Ну а в русском образовании, по мере того как будут готовиться школьные учебники “четвертого поколения”, предстоит еще немало трудов по выработке концепции преподавания истории бывшей Российской империи и бывшего СССР — с учетом того, что участники общего исторического развития ныне разделены новыми государственными границами. Ведь глупо было в учебниках “первого поколения” укорачивать историческую Россию до размеров 1991 года. Так же глупо, как и Грузии объявлять себя бывшей колонией — на ее территории и до революции действовали те же законы, что и в центре России. А куда девать походы Суворова (ныне Приднестровье), битву под Полтавой (ныне Украина) или переправу наполеоновских войск через Березину (ныне Белоруссия)?

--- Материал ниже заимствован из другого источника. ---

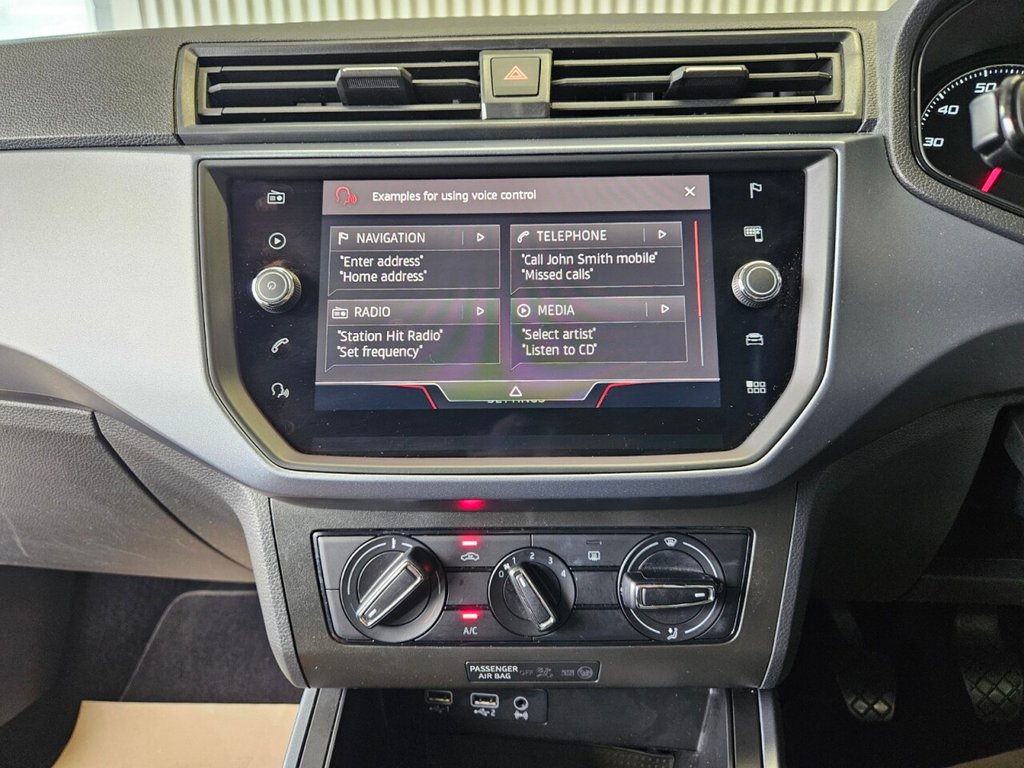Used SEAT Arona 2019 for sale - 76148197: Photo 36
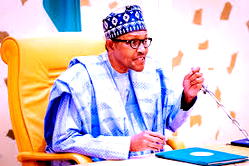 ELECTORAL ACT 2022: The 12-Year-Old Trajectory of a Law
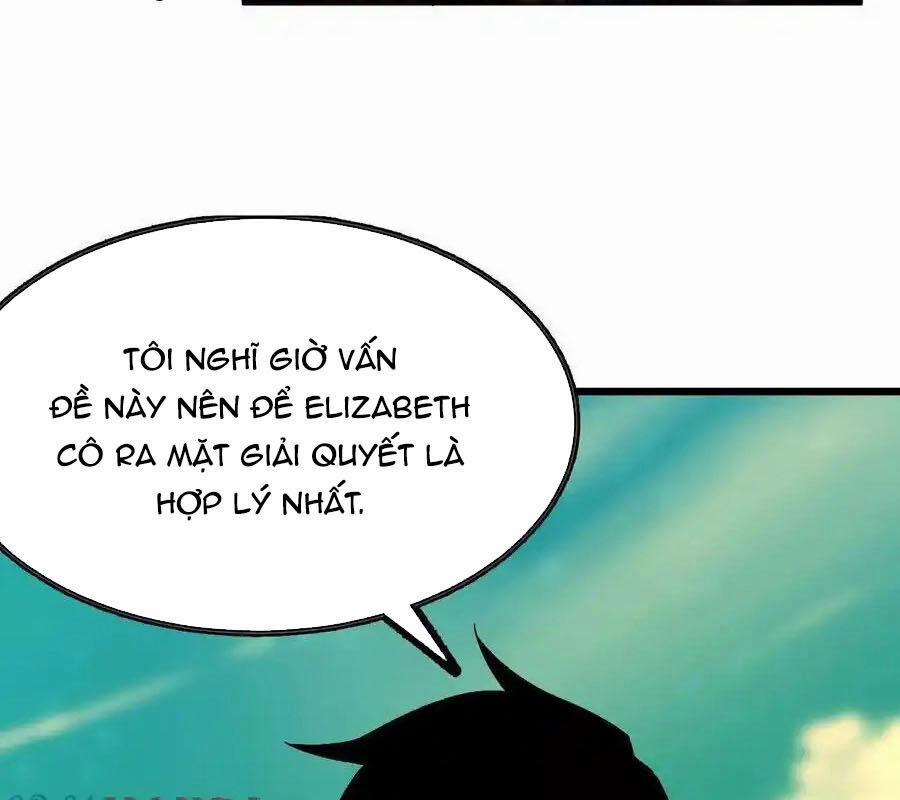 Dũng Giả X Nữ Ma Vương 103 trang 3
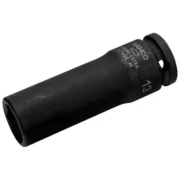 Bahco K7406M-13 EAN:7314151844486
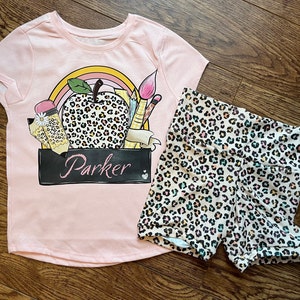 Kyla added a photo of their purchase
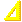 юOpK
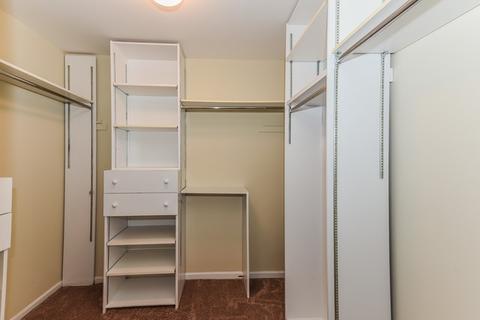 1415 Chartres Dr #E1, Northbrook, IL 60062 photo 17
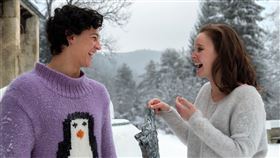 《凸槌大臨演》 （圖／車庫娛樂提供）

...О том, как в 1812 году белорусские крестьяне развернули борьбу против французских захватчиков, я прочитала в “Истории Беларуси” Я. И. Трещенка. А условия у них были другие, чем у русских крестьян, потому что помещики-поляки шли на службу к Наполеону, посылали сыновей в корпус Понятовского, снабжали французские части продовольствием и фуражом. В 1812 году про­славилась деревня Жарцы под Полоцком, крестьяне из Жарцов во главе с Максимом Марковым участвовали в боях за Полоцк вместе с регулярными войсками.

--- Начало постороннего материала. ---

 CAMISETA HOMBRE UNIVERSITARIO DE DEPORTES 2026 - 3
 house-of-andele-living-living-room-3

В 2001 году на проходившем в Москве Съезде славянских народов России, Белоруссии и Украины больше всего участников собрала секция, на которой обсуждали проблемы образования, и там наибольший интерес вызвали выступления ректора Белорусского педагогического университета Л. Н. Тихо­нова и министра образования Белоруссии В. И. Стражева. Оно и понятно. Белоруссия тоже поначалу открыла двери Соросу, но в отличие от Ельцина, лично поздравлявшего Сороса с пятилетием его деятельности в России, Лукашенко в этой деятельности довольно быстро разобрался, выставил фонду “Открытое общество” штрафные санкции в 3 миллиона долларов и вынудил убраться из Белоруссии. Сорос потом отомстил Лукашенко, срежиссировав падение курса белорусских “зайчиков” — об этой мести писал Егор Васильев в “Деловом вторнике” (“Венгерский набоб”, 1998, № 25).

Так вот, В. И. Стражев говорил на секции о том, что мир сейчас услож­няется и для нормального здорового воспитания необходимо свести структуру содержания образования со структурой общества. Я перечитала свои записи его выступления — они поясняют концепцию учебного пособия “История Беларуси”. И конечно, очень многое значит, что Яков Иванович Трещенок — учитель истории и знает, для кого пишет.

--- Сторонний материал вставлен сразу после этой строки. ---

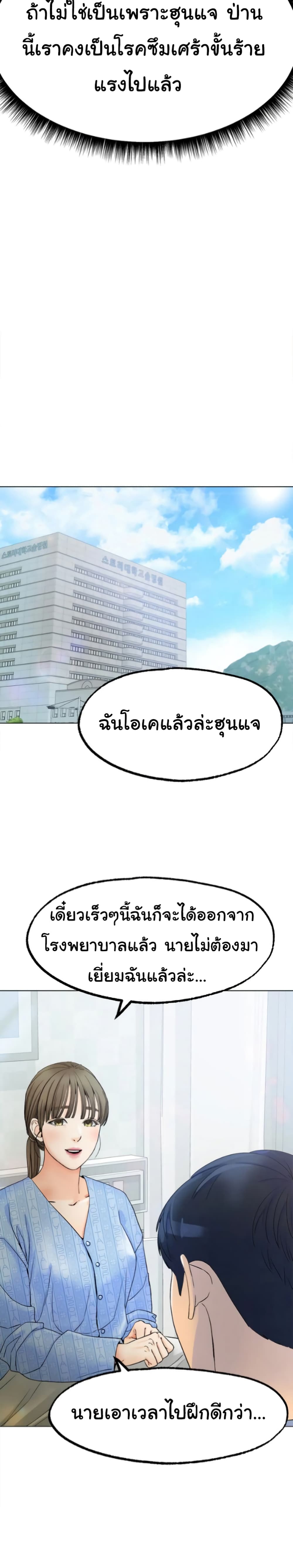 0022.jpg
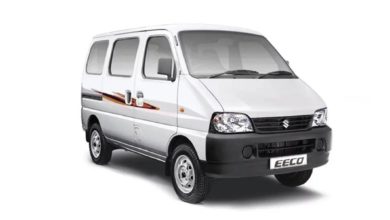 Photo of Eight out of ten best-selling cars in 2021, Maruti’s cars became India’s first choice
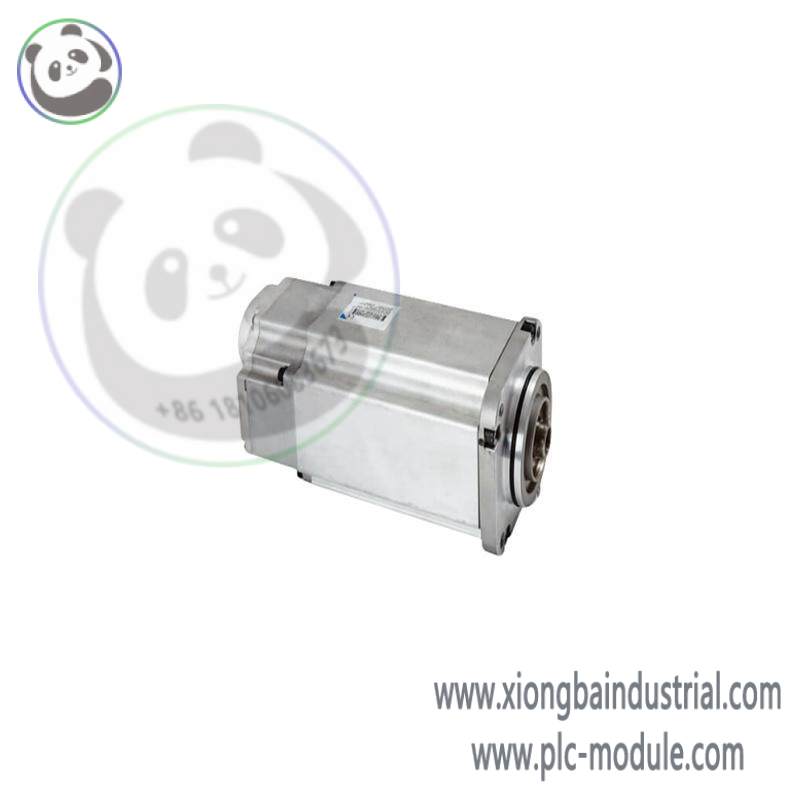 H0NEYWELL 05701-A-0326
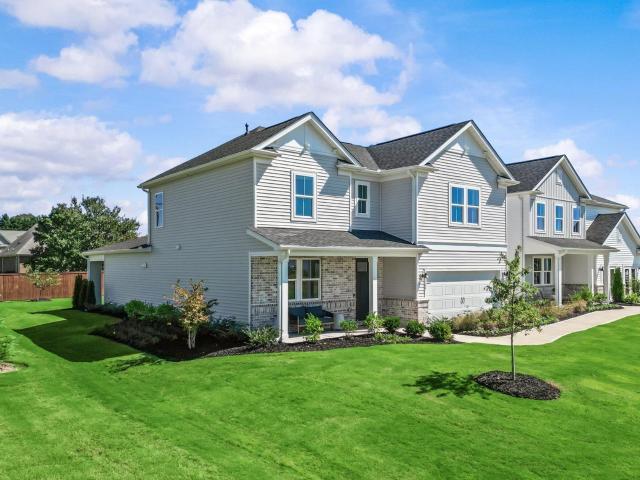 House for sale in Moore, Spartanburg County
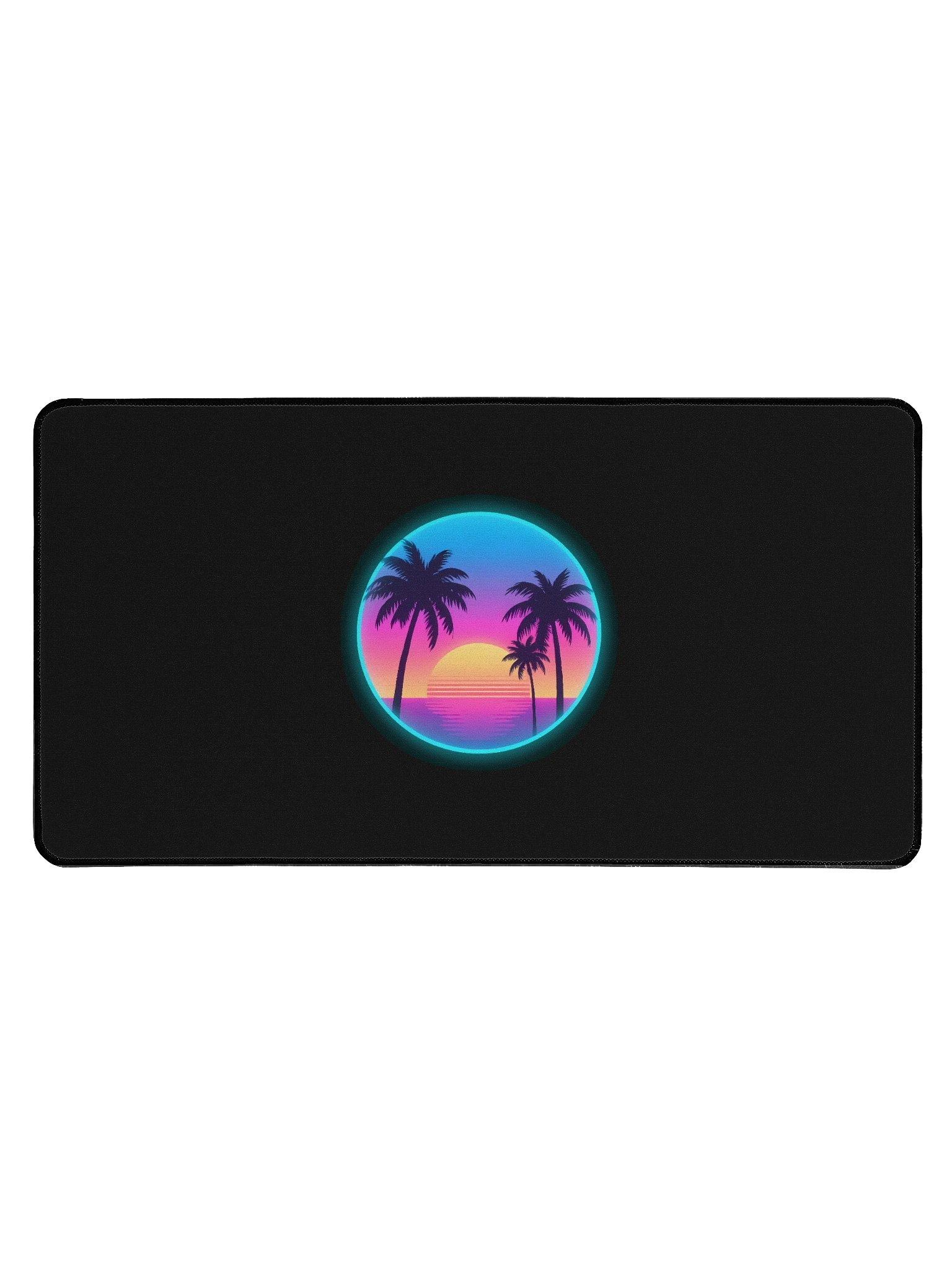 Sunset pad product image (1)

Первым делом он объяснил, что “страна” и “государство” не всегда одно и то же. Что не совпадают “история страны”, “история народа”, “история госу­дарства”. И что когда исследуется национальная история, всегда существуют пределы углубления в прошлое. Например, белорусская народность как самостоятельная этническая общность сформировалась сравнительно поздно. Поэтому белорусы должны изучать историю экономического, социально-полити­ческого и этнокультурного развития тех государств, куда белорусский народ входил в разные эпохи. То есть нельзя успешно заниматься историей Белоруссии без широких познаний по истории Древней Руси и России, Литвы и Польши.

Это учебное пособие, написанное учителем, с первых страниц помогает школьнику понять, насколько связана история народа, историческое прошлое с национальным характером, с поразительной жизнестойкостью белорусов, с умением отстоять и сохранить свою самобытность, со свойственным белорусу спокойным самоуважением, не имеющим ничего общего с само­хвальст­вом. Я. И. Трещенок рисует образ Беларуси, границы которой очерчены не горами или реками, как по большей части в Европе, а лесом. В недрах — самая малость полезных ископаемых. Почва, климат... Здесь все давалось тяжким трудом. Феодальная верхушка — поляки. Города утратили к ХVII веку белорусский этнический характер, приобрели еврейско-польский облик. Существовавшая в России “черта оседлости” препятствовала урбанизации белорусского крестьян­ства. Петербург делал уступки Польше за счет белорусских крестьян, полони­зация Западного края стала одной из причин возмущения декабристов, которые лучше императора Александра I представ­ляли себе экспансию Польши.